*What the task requires:* Reproduce the listing below from the line with "A member of" to the line with "Ben and Colleen", both lines included, character for character, minus any pictures.

-- Collected data follows --

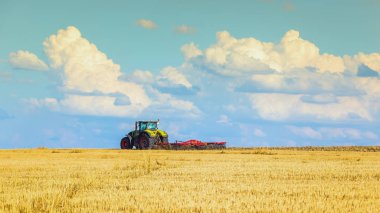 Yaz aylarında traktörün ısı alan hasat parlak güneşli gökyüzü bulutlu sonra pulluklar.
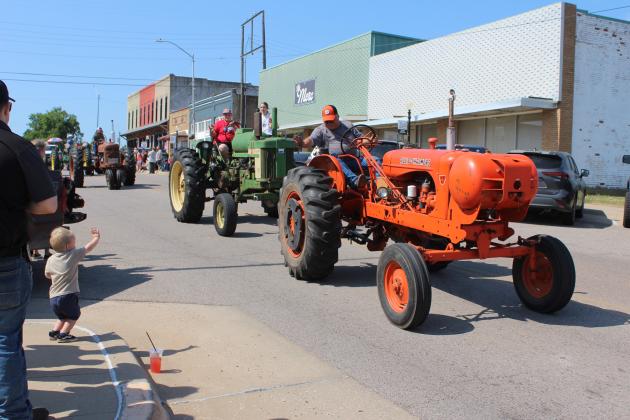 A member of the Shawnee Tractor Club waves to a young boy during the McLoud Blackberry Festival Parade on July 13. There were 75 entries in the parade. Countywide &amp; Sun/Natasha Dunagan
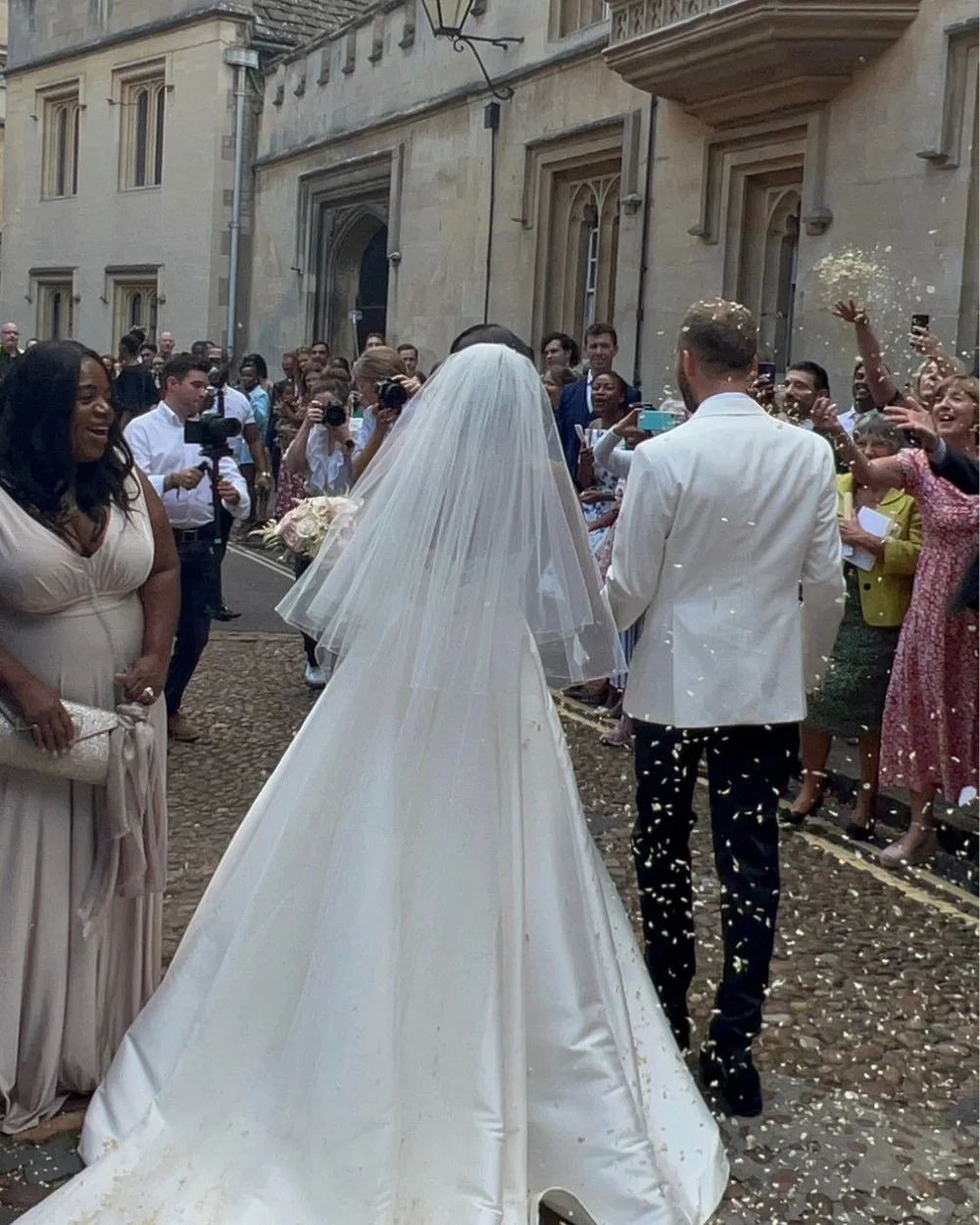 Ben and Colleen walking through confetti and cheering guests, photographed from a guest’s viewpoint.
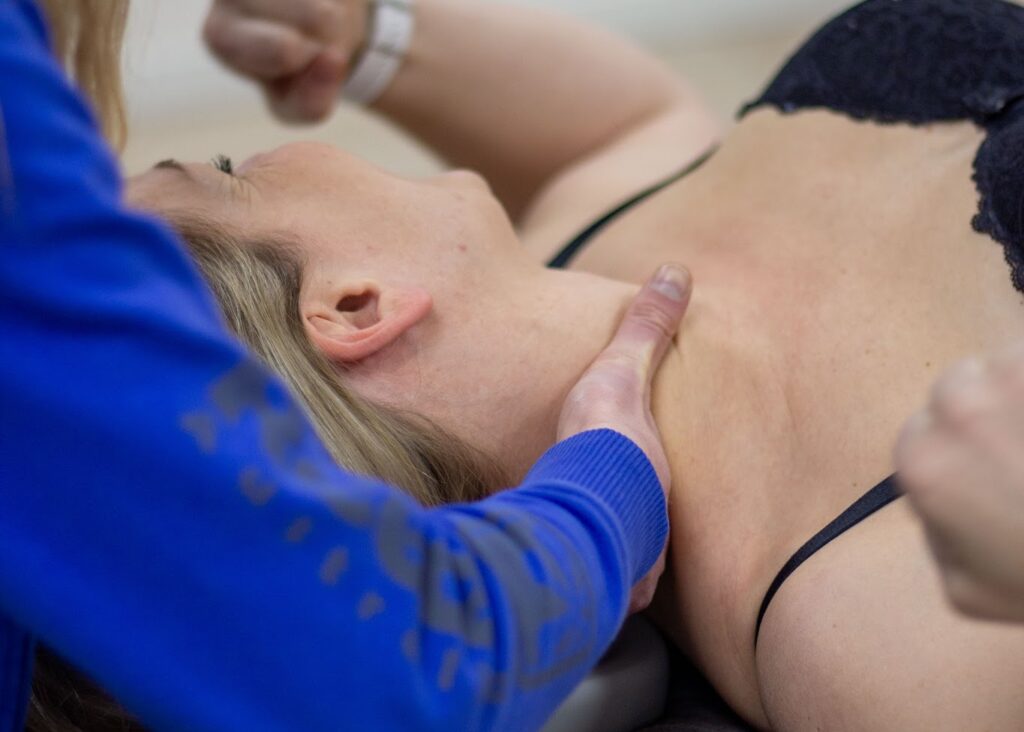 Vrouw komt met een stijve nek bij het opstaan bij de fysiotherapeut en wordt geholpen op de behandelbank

-- Collected data concluded --

*Solution for this exercise:*
 A member of the Shawnee Tractor Club waves to a young boy during the McLoud Blackberry Festival Parade on July 13. There were 75 entries in the parade. Countywide &amp; Sun/Natasha Dunagan
 Ben and Colleen walking through confetti and cheering guests, photographed from a guest’s viewpoint.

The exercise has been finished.